Reasonable, but trying. If the coat had been made by a London firm of standing, one could walk into their shop at any time in the next fifty years and be told without fuss and with benevolent politeness (provided they knew who you were) what kind of buttons had been used. But who was to say whether a Los Angeles firm would know what buttons they put on a coat six months ago! Besides, the button in question was wanted here. It could not very well be sent to Los Angeles. The best one could do was to ask them to supply a sample of the buttons used. If they remembered!
Grant’s main hope was that the coat itself would turn up.
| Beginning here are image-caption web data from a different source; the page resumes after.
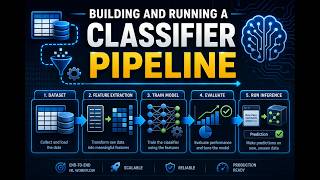 Classifiers PART 5: running the pipeline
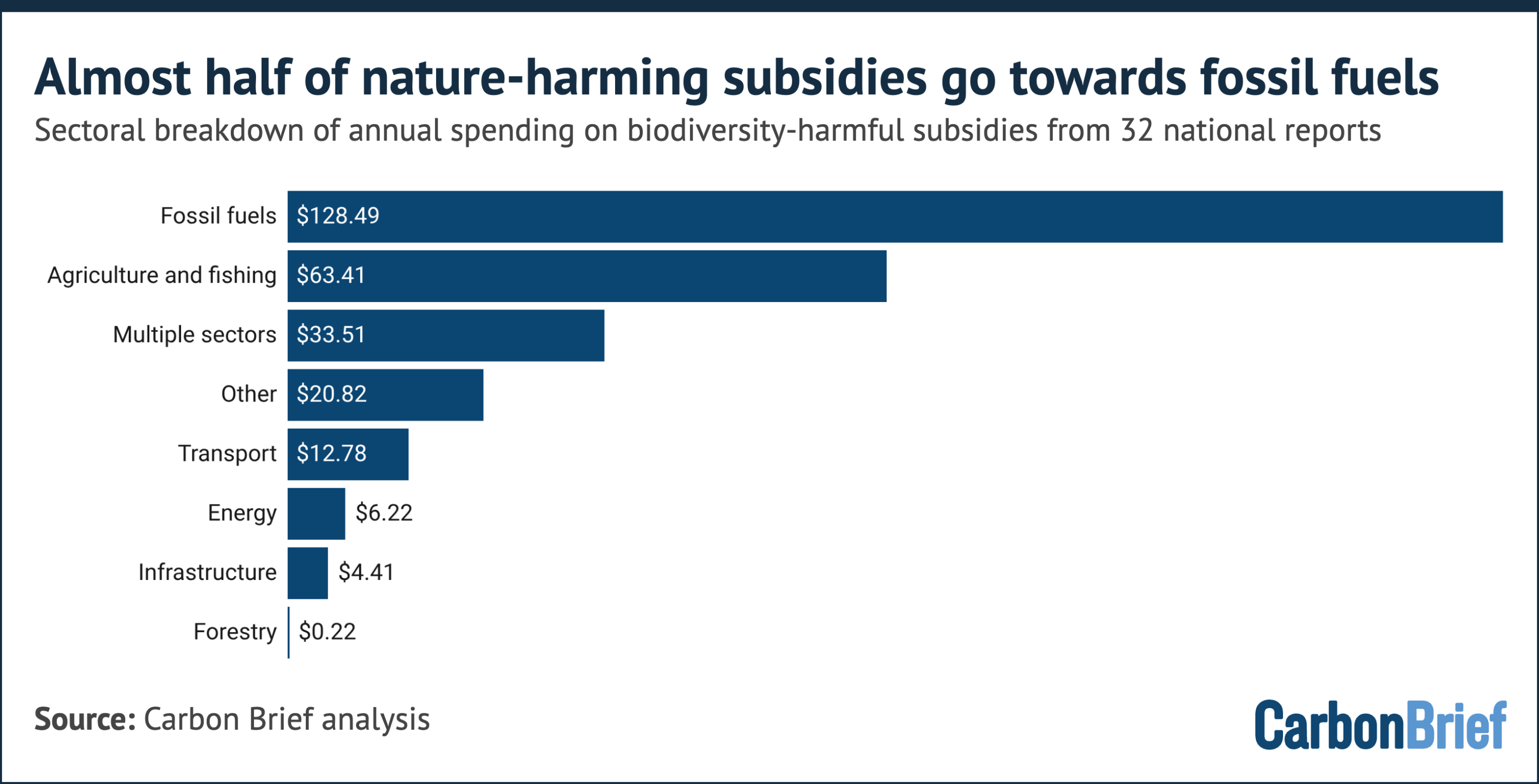 Chart showing that almost half of nature-harming subsidies go towards fossil fuels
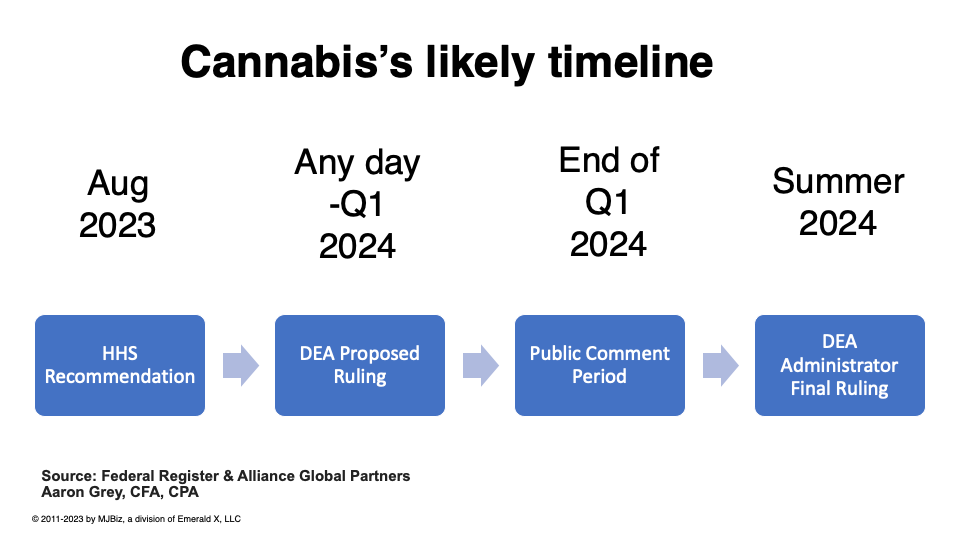 Tijdlijn voor herschikking van cannabis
An abandoned coat which could be identified as Tisdall’s, with one button missing, would be the perfect solution. Tisdall was wearing the coat when he drove away the car. That was Sergeant Williams’s contribution to the cause of justice and due promotion. He had found a farmer who had seen the car at the Wedmarsh cross-roads a little after six on Thursday morning. About twenty past, he reckoned, but he hadn’t a watch.